La mémoire de fantômes, digne d’un imaginaire cruel d’enfant, sera ainsi convoquée en autant de fragments hallucinatoires impossibles à résumer, qui composent un labyrinthe de souvenirs, de songes, de vertiges. Mais aussi de désirs, à l’instar des lignes à haute tension sous lesquelles Fiona et son ami se promenaient, surplombés par les astres vibrants. La culpabilité du narrateur s’exprimerapar l’entremise d’une succession d’images incandescentes, qui forment un récit non linéaire (à l’égal du temps non linéaire des apparitions de Rowe) où maints échos résonnent, se répondent. Éclatent, telle la vision récurrente du miroir dans les sections I à III, qu’un protagoniste flou dispose « sur la surface de [son] bureau [avant de] fixe[r] longuement et intensivement [son] reflet ». Encore plus en péril, l’un des personnages anonymes de la Maison des épreuves, « quand [il se] regarde dans le miroir, [ne] voi[t] que sous [sa] peau le delta de [s]es veines naguère bleues […] désormais gris et légèrement lumineux ».

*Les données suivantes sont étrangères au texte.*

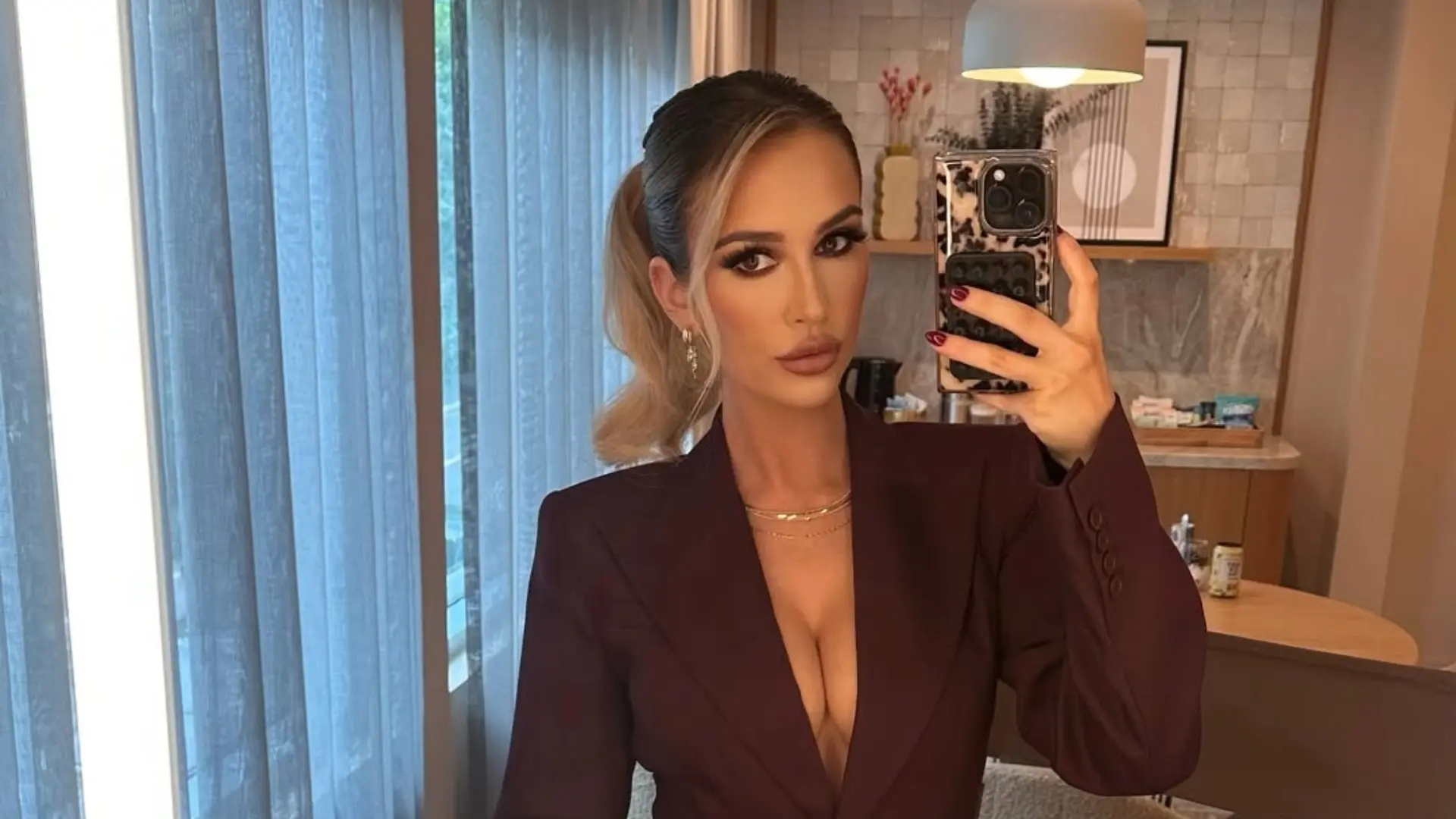 Ashtyn from Selling the OC (Image via Instagram/@ashtyyn)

À travers ces miniatures en clair-obscur, Jason Hrivnak dépeint avec talent, audace et originalité les contrastes de l’existence réelle et chimérique. Son style poétique, subtil mais acéré, nous invite à une noyade nécessaire parmi les ombres et leurs reflets, à trouver refuge dans une « maison [qui] se dresse, seule, sur la rive d’un petit lac en forme d’amande ». Le désir s’inscrit en filigrane dans cet ouvrage essentiel, à la façon d’un visage jumeau qui se trouble sur les eaux. Ne reste qu’à s’incliner devant l’inévitable constat : « Le lendemain matin, quand vous contemplez la plage, vous découvrez un message tracé dans le sable. Il est écrit “Tu m’appartiens” ».

Nous avons toujours appartenu au miroir.